> [THE DATA]:
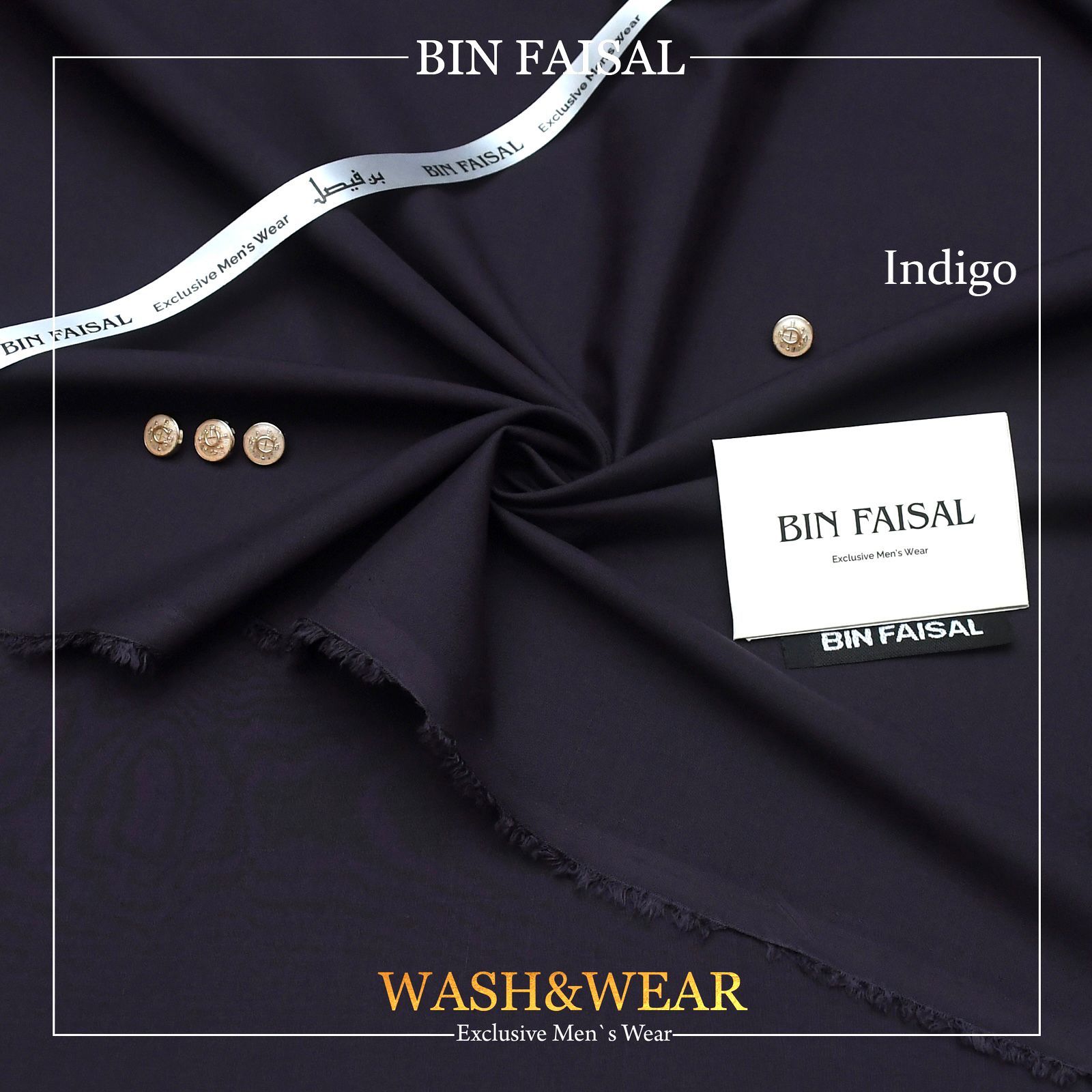 BIN FASIAL Regent Men's Wash and Wear Tropical Fabric. Premium quality, comfortable, and easy to care for. 4 meters long and 52 inches wide. Comes with branded bag, inlay card, tags, label, ribbon, and buttons. Available online at the best price in Pakistan.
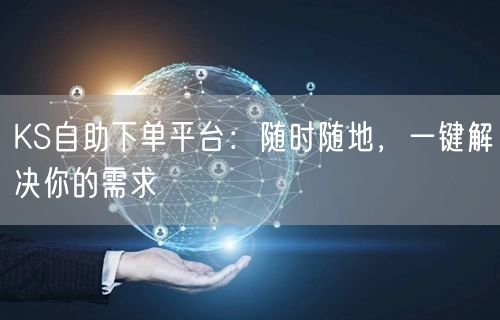 KS自助下单平台：随时随地，一键解决你的需求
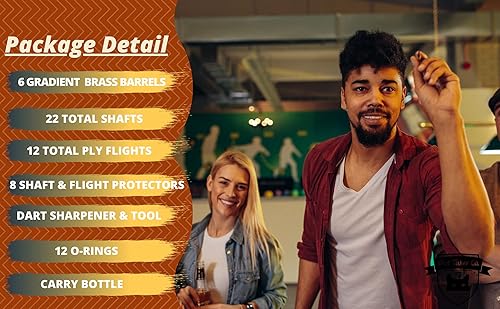 Miniatura 3 de Juego de 6 dardos de punta de acero Dardos profesionales para diana incluye barriles + ejes de plásticoaluminio + juntas tóricas + vuelos +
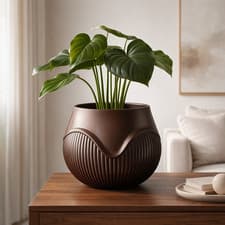 Image of Wavy Ribbed Planter Pot Modern Indoor Plant Pot Decorative Flower Pot 3 Sizes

> [EXERCISE]:
Output a verbatim copy of the lines from the line containing "KS自助下单平台：随时随地，一键解决你的需求" through the end of the data, both included, without any images.

> [EXERCISE RESPONSE]:
 KS自助下单平台：随时随地，一键解决你的需求
 Miniatura 3 de Juego de 6 dardos de punta de acero Dardos profesionales para diana incluye barriles + ejes de plásticoaluminio + juntas tóricas + vuelos +
 Image of Wavy Ribbed Planter Pot Modern Indoor Plant Pot Decorative Flower Pot 3 Sizes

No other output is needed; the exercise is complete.